(Photo by revdode)
This post follows on from my previous one about how well the Arts Council have encouraged the use of technology and digital media. It might help to read that first to see where I’m coming from, but it’s not essential.
Investment in physical infrastructure
This week the Arts Council announced the 26 organisations that have been successful in the first stage of their application to its capital funding programme (the news caused a bit of a stir). Here’s some blurb about the capital fund:
Our £214.6 million capital investment programme will support organisations to develop resilience by giving them the right buildings and equipment to deliver their work, and to become more sustainable and resilient businesses.
The Arts Council’s announcement says that in this first round:
The majority of the 26 projects focus on the refurbishment or extension of existing arts buildings, and range from the replacement of critical equipment to large scale renovations and improvements
Investment in digital infrastructure
An organisation’s digital infrastructure is now becoming as important as its bricks and mortar infrastructure.
That’s not just empty hyperbole – take away the ability of an organisation (especially one that’s not venue based) to market itself and sell tickets online and watch their costs soar and their reach, effectiveness, range of opportunities plummet.
So If we’re investing in one, we should invest in the other.

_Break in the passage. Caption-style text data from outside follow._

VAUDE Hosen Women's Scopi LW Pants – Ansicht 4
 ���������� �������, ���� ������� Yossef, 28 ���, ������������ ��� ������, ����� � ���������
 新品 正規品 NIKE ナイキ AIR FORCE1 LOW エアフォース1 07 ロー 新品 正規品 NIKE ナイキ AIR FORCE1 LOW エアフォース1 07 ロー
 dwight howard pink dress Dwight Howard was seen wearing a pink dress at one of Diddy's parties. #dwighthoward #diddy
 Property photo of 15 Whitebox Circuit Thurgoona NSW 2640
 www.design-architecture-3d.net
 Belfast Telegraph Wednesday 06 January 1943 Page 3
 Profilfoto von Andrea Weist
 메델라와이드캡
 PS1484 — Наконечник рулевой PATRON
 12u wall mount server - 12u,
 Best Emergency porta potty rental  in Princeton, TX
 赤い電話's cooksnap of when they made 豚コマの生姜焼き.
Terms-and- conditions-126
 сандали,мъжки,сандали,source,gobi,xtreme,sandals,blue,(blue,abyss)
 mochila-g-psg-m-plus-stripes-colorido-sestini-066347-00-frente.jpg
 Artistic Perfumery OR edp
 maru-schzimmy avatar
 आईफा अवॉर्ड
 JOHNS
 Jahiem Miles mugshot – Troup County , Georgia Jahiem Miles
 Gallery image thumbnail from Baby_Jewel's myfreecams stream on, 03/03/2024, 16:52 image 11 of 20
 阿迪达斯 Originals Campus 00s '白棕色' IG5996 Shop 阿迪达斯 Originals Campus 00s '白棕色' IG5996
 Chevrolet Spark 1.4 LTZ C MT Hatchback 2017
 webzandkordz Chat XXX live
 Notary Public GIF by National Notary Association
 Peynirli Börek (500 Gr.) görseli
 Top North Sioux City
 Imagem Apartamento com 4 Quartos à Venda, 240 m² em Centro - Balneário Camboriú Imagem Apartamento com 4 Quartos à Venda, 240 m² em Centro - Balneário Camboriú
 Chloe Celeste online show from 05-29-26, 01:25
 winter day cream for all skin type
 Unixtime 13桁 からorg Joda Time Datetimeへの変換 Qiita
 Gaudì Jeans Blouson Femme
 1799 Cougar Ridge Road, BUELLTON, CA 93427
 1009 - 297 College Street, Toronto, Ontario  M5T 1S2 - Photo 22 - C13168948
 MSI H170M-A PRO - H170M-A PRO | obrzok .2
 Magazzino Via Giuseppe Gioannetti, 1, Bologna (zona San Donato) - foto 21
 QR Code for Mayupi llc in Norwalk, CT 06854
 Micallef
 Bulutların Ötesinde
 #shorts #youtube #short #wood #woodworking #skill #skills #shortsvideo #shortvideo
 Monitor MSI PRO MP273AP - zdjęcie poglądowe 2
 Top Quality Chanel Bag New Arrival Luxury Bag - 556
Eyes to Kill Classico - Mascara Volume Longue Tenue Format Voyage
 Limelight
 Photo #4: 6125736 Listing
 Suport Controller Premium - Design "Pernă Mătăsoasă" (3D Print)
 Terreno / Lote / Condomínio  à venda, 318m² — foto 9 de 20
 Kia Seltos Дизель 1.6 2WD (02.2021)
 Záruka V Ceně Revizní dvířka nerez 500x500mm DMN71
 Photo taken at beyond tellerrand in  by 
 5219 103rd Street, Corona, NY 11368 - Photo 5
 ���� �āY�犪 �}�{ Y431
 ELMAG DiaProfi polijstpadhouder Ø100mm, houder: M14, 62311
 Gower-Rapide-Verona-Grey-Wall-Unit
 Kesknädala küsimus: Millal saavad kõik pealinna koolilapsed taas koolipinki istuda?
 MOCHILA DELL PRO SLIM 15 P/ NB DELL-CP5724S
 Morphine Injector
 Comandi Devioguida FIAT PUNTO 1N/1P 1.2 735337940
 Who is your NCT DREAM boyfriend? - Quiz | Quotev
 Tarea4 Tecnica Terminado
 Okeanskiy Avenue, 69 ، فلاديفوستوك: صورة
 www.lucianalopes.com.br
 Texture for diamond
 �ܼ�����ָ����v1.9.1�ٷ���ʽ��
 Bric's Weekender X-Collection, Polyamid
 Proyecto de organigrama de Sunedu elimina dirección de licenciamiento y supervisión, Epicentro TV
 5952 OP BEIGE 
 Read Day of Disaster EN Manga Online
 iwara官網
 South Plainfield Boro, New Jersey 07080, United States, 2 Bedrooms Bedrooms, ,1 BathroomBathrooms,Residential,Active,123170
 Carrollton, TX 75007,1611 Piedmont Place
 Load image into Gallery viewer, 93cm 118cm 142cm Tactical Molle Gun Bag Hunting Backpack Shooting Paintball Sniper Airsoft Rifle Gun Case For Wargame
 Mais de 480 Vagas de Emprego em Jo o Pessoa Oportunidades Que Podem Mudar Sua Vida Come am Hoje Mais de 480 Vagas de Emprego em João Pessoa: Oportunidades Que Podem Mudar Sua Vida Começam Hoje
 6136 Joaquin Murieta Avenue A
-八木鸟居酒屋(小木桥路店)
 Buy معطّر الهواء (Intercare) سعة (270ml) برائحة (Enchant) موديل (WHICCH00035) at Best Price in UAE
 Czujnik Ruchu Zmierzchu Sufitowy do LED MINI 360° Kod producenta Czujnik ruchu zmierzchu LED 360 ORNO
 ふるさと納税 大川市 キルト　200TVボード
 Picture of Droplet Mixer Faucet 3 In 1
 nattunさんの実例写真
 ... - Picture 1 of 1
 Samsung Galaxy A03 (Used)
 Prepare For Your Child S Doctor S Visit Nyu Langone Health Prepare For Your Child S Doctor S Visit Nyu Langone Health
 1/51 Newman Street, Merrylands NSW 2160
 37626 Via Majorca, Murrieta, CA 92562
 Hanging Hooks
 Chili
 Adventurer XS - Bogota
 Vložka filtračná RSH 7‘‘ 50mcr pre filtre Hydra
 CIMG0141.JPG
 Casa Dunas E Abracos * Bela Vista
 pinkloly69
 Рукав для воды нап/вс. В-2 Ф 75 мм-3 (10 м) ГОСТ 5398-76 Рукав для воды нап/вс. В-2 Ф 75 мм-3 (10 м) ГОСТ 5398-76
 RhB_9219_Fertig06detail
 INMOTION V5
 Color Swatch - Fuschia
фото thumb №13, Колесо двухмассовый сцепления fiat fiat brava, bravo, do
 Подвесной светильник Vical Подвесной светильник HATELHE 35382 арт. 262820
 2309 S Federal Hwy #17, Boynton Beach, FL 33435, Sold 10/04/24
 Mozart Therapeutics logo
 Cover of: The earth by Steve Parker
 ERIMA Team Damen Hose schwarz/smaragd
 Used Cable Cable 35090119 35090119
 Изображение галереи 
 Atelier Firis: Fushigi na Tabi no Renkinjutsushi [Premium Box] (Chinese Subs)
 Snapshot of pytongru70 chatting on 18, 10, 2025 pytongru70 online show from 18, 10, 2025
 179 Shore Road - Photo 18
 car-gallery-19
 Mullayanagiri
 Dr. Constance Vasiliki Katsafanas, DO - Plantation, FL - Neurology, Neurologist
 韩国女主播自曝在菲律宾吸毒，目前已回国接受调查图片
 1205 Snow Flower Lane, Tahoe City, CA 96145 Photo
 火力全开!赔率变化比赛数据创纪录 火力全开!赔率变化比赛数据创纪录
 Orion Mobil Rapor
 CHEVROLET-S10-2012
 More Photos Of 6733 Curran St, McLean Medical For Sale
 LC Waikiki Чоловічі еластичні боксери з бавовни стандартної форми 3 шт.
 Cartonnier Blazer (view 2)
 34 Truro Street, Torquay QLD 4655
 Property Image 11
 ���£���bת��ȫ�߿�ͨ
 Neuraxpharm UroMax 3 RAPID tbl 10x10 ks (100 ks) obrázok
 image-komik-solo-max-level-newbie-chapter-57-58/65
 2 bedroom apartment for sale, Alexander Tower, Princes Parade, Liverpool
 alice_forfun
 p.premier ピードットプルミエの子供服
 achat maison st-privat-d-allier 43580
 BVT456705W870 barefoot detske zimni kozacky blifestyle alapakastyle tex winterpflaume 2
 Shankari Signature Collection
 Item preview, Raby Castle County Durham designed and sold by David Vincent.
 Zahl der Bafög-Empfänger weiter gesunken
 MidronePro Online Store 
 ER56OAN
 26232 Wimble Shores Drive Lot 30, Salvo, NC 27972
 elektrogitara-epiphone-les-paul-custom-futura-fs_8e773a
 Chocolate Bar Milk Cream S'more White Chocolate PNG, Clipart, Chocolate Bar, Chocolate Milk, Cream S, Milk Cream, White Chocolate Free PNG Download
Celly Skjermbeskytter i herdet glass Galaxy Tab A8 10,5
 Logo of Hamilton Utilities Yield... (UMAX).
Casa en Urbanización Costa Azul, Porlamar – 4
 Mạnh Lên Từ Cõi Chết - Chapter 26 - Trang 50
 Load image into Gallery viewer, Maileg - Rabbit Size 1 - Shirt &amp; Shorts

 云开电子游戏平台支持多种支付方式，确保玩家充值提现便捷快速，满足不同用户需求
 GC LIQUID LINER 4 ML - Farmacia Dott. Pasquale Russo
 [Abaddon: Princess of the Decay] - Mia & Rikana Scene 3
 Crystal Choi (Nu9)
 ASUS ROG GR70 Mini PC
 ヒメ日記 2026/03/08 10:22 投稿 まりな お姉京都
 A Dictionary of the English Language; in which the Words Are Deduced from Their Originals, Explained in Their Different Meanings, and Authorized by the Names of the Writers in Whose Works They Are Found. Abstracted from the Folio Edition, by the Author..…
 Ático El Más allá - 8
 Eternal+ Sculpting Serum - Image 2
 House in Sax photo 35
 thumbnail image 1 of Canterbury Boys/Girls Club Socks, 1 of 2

I’d like to see the Arts Council supporting the refurbishment, extension, renovation and improvement of websites, mobile apps, database and CRM systems, box office infrastructure and so on.
I’d love to see the capital fund’s description being tweaked slightly for a Digital Capital fund:
Our digital investment programme will support organisations to develop resilience by giving them the right technological and digital infrastructure to deliver their work, and to become more sustainable and resilient businesses.
I figure the money might go further too. £214.6 million over three years to sort out the 696 organisations in the National Portfolio would give everyone £100,000 to use. Not that I’m saying that’s how much money should be spent or that it should go to that group – that’s just an example. Still, imagine.